A Nantes, une librairie connue du centre ville vous orientera vers deux rayonnages disposés au ras du sol où sont exposés une petite quarantaine d'ouvrages. Pas plus.

Dans une autre, on s'excusera platement de ne rien proposer dans ce format mais on aura la gentillesse de vous orienter vers la librairie "La Ville en Bois", sise dans la rue du même nom, dans le quartier Mellinet.

"Dans les médiathèques, vous avez droit à Molière et Maupassant"
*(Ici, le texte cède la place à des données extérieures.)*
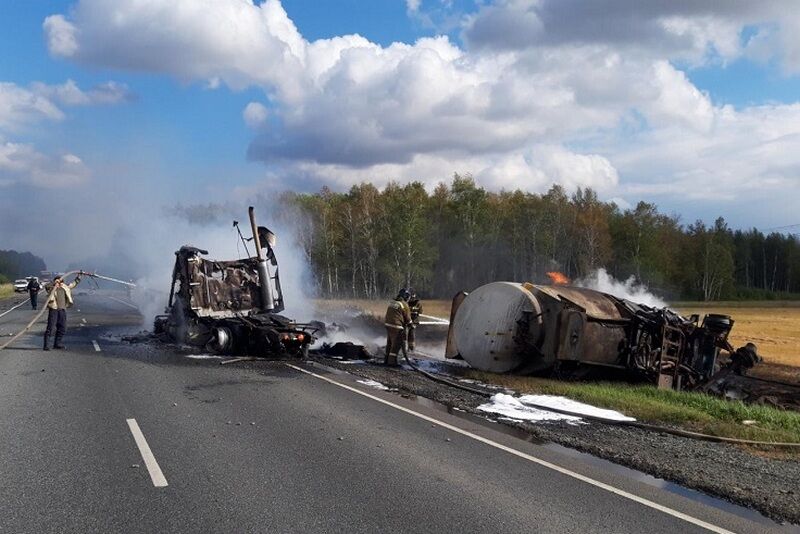 Появились подробности ДТП с бензовозом на зауральской трассе: пострадала 4-летняя девочка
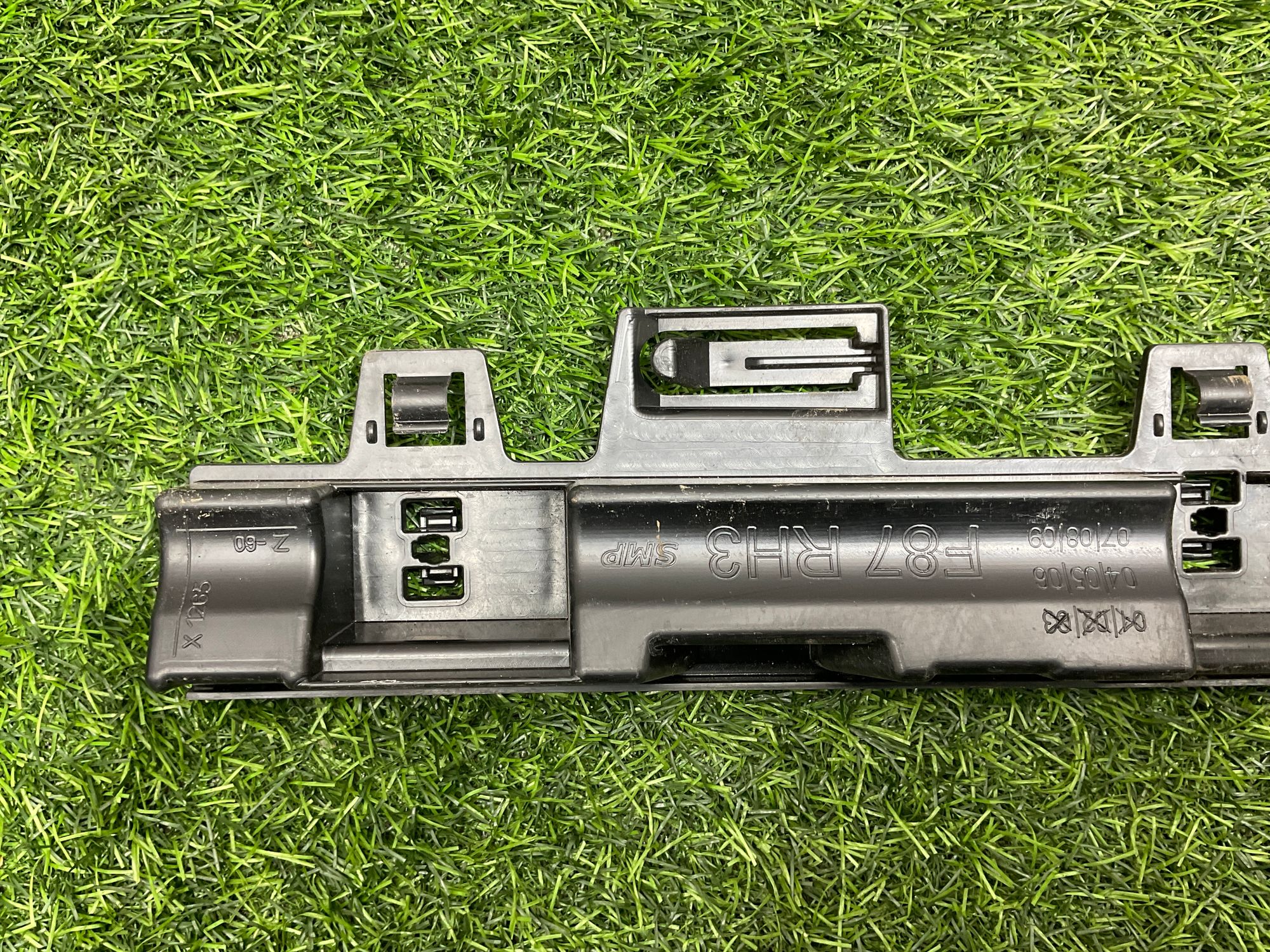 https://ycs.partsauto.market/partsauto-images/thmbs/userImages/h353NjtZg3VDP19b5HMt7LlpbQ93/part/ee2595f7-06c8-4dcd-9358-c580f1145fbb_1736168723076.jpg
Effectivement, cette petite librairie est un peu un OVNI dans le paysage bibliophile de Nantes. Avec ses 400 titres proposés, elle est une rareté, même bien au-delà des frontières ligériennes.

Son propriétaire, Eric Grandguillot, est sensibilisé aux handicaps. Sourd d'une oreille, il se souvient avoir peiné lors de ses études en Angleterre, lorsqu'il était contraint de lire sur les lèvres de ses interlocuteurs britanniques. 

Depuis huit ans, il est également famille d'accueil pour chiens guides d'aveugles. 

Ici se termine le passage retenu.